A 2.5-year postdoctoral position with flexible starting date is available in the Cancer Data Science group led by Associate Professor Mariike Kuijjer at iCAN Flagship in Digital Precision Cancer Medicine at the Faculty of Medicine, University of Helsinki. The project will focus on developing approaches for gene regulatory network modeling on deconvoluted bulk data, with applications to pan-cancer data network analysis.
The advertised project focuses on extending network modeling approaches developed in the Kuijjer group to model patient- and cell type-specific gene regulatory networks based on bulk cancer data, and use this to investigate cancer type-specific and pan-cancer rewiring of gene regulatory networks in various cell types. The research will leverage a large in-house dataset from iCAN, complemented by publicly available data. These efforts aim to uncover in more detail regulatory processes contributing to cancer.
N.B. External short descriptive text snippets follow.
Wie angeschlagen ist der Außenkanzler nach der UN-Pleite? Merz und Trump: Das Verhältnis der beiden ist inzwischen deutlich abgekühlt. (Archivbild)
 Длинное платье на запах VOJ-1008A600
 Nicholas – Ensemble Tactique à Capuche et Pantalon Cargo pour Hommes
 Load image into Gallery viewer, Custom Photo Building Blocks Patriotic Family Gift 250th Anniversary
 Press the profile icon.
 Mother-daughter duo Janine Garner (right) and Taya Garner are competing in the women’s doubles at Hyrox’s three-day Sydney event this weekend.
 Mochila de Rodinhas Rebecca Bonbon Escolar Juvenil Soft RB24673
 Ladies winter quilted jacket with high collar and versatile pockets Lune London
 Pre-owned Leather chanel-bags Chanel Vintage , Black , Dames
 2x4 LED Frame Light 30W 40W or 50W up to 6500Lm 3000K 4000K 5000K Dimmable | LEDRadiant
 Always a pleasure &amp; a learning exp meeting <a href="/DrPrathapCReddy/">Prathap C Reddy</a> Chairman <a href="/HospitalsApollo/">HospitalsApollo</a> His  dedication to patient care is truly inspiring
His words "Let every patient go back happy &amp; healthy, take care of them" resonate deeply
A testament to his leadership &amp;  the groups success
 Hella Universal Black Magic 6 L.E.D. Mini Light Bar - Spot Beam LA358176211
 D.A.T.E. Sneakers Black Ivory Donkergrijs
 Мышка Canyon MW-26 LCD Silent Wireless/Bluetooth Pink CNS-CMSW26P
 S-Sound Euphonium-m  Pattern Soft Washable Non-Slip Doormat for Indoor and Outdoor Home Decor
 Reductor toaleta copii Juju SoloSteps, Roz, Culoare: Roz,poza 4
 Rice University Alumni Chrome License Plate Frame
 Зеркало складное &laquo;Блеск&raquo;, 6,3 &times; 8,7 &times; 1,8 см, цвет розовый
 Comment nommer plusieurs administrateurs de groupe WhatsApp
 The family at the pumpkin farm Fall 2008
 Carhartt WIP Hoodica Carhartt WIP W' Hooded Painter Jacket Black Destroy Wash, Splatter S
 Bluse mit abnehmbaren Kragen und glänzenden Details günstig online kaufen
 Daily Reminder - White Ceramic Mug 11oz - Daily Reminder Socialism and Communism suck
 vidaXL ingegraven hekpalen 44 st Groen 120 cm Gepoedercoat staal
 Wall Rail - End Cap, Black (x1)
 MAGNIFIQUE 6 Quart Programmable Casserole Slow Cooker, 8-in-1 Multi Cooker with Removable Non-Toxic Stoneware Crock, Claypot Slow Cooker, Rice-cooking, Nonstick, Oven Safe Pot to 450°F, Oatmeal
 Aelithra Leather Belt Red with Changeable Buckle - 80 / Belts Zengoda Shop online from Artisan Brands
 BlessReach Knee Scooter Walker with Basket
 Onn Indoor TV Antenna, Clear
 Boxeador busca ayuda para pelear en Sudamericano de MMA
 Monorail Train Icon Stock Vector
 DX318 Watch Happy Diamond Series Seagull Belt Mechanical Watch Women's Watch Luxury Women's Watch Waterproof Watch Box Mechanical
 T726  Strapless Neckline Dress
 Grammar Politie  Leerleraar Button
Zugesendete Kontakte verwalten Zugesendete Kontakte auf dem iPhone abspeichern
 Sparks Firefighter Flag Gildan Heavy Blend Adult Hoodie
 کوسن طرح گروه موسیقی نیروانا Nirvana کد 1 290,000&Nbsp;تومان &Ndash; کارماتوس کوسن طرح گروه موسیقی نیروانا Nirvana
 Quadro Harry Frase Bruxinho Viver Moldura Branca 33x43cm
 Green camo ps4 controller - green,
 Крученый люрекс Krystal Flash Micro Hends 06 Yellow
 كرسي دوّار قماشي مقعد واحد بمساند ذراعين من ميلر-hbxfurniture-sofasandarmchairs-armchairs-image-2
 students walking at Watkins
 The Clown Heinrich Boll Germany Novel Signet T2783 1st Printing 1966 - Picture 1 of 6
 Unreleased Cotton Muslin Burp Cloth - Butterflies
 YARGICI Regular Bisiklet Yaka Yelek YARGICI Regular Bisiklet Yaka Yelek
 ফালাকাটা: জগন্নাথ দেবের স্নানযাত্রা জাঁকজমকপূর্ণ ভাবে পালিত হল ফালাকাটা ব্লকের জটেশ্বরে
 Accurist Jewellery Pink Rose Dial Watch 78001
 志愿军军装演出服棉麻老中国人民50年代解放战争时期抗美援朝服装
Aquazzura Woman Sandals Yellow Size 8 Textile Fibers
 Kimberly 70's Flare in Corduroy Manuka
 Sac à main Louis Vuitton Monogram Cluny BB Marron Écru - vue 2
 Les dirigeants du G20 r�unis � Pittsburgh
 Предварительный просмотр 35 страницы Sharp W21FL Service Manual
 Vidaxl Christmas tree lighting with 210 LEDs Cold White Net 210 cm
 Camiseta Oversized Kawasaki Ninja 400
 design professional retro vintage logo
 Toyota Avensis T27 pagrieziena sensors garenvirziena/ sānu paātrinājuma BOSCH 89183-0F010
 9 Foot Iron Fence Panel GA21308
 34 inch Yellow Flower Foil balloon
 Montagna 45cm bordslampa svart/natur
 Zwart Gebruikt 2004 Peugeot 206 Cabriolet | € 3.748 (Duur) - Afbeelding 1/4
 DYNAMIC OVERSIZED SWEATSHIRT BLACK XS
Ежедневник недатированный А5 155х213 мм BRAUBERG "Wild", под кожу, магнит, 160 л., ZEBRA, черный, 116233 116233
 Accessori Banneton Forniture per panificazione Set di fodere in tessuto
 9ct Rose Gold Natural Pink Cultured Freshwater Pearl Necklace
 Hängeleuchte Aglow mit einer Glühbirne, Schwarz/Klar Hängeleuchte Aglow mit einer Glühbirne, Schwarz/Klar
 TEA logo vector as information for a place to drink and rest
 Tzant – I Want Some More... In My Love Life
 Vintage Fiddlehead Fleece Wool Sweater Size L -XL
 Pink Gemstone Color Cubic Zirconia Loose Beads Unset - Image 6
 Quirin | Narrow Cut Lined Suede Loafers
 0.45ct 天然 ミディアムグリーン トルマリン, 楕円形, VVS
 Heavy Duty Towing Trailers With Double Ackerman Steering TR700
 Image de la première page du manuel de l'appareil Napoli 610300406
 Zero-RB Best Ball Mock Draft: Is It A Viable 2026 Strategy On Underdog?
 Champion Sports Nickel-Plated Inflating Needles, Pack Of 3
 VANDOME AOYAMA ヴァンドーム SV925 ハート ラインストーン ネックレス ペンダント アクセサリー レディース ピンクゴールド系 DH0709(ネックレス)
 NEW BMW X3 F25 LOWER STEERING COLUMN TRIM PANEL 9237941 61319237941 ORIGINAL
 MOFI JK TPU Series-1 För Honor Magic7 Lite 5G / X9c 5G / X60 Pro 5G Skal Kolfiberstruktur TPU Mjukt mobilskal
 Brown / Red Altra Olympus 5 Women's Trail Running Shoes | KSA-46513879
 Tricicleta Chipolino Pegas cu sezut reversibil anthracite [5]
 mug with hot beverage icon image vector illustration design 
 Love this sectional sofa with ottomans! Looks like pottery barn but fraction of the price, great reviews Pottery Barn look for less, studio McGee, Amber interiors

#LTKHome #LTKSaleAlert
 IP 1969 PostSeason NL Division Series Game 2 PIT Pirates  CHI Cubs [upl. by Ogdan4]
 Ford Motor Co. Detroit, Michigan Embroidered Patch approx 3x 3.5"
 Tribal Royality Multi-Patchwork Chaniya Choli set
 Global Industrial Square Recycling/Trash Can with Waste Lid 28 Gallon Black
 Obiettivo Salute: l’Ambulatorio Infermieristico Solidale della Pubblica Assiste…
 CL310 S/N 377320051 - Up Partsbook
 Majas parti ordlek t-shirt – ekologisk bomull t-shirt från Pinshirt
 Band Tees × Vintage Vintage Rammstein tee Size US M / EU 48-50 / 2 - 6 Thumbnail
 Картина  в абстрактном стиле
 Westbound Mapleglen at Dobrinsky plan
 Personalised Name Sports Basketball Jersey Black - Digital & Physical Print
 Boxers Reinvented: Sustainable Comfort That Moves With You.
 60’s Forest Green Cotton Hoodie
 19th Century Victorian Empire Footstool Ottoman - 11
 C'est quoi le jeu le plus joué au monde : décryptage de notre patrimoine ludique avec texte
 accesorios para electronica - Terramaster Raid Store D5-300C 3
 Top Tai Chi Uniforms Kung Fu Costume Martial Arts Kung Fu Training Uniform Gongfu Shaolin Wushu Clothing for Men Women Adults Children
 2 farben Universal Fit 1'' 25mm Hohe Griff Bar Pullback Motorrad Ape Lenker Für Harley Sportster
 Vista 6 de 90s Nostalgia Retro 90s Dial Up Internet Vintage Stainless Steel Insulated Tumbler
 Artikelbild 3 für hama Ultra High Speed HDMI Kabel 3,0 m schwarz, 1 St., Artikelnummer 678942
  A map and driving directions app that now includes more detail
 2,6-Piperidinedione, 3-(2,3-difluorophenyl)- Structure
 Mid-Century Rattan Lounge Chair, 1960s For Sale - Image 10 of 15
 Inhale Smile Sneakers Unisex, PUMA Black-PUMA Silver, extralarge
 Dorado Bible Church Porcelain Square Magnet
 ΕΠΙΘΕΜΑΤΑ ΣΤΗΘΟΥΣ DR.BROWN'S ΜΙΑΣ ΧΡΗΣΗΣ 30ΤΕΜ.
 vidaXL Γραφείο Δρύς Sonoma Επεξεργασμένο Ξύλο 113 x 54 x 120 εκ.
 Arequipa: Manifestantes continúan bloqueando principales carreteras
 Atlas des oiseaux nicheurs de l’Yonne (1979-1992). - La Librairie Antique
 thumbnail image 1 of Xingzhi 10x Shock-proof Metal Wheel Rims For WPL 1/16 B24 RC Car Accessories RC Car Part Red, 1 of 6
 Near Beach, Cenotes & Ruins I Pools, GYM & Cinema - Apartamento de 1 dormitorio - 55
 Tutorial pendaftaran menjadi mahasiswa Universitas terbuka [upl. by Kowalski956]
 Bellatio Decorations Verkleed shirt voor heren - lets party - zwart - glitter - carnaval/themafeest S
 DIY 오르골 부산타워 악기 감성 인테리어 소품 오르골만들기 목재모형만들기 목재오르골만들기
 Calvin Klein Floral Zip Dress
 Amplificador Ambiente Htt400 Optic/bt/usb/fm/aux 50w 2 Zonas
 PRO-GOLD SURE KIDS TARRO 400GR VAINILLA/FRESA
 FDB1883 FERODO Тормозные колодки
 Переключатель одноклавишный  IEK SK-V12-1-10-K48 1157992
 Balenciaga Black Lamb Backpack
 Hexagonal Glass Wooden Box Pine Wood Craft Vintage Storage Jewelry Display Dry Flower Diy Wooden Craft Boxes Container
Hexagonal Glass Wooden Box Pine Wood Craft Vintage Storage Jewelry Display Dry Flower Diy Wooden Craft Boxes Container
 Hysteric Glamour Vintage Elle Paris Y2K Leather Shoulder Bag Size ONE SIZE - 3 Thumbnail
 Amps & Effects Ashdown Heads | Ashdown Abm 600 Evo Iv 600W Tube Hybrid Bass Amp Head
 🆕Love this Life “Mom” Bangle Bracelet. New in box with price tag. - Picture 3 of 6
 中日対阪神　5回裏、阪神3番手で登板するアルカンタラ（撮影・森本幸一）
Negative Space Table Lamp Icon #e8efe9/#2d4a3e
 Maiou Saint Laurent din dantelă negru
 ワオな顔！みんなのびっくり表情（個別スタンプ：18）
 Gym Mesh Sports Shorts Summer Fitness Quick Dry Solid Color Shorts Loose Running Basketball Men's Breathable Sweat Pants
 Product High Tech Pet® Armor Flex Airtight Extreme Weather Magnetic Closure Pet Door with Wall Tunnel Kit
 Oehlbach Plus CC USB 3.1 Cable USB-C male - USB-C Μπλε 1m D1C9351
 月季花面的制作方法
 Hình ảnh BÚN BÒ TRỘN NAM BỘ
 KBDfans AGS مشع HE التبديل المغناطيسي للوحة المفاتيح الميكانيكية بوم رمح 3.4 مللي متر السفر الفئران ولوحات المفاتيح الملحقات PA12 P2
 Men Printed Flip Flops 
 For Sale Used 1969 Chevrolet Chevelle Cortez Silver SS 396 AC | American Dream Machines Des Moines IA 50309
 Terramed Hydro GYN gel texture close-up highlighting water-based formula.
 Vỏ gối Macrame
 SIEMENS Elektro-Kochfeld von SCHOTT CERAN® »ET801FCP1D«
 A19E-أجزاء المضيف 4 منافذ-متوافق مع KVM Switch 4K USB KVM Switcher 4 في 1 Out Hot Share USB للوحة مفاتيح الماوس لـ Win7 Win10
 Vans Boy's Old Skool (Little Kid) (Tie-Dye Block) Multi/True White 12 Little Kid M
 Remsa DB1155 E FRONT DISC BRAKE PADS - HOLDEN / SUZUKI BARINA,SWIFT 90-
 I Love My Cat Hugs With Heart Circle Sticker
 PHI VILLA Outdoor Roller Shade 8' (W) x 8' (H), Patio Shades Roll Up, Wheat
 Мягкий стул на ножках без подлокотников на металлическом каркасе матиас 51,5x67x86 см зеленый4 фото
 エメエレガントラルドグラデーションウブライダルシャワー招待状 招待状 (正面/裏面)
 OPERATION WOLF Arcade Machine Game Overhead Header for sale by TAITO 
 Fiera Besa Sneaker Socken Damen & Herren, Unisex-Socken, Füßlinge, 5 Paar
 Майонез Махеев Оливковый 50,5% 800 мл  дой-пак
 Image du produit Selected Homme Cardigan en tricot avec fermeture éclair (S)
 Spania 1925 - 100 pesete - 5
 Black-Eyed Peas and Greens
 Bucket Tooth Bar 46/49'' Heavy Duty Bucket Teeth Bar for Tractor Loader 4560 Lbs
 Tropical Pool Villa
We seek a highly motivated candidate with a track record of statistical models, network science, and/or computational tool development dedicated to the analysis of of high-throughput genomics data, comparative genomics, functional genomics, or a related field. The candidate should be excited about applying computational tools to answer questions in biology. The ideal candidate is collaborative and creative, has strong programming skills dedicated to the analysis of large-scale genomics data, and has a strong publication record. Experience with analysis of large-scale genomic data sets is a requirement for this position. Experience with data integration, machine learning, network science, cancer biology, and/or gene regulation is considered an advantage. The position is open to applicants with a PhD in computational biology, bioinformatics, biostatistics, cancer genomics, network science, or related fields.
The appointment is a fulltime position and is made for a period of two and a half years with possible extension depending on future funding.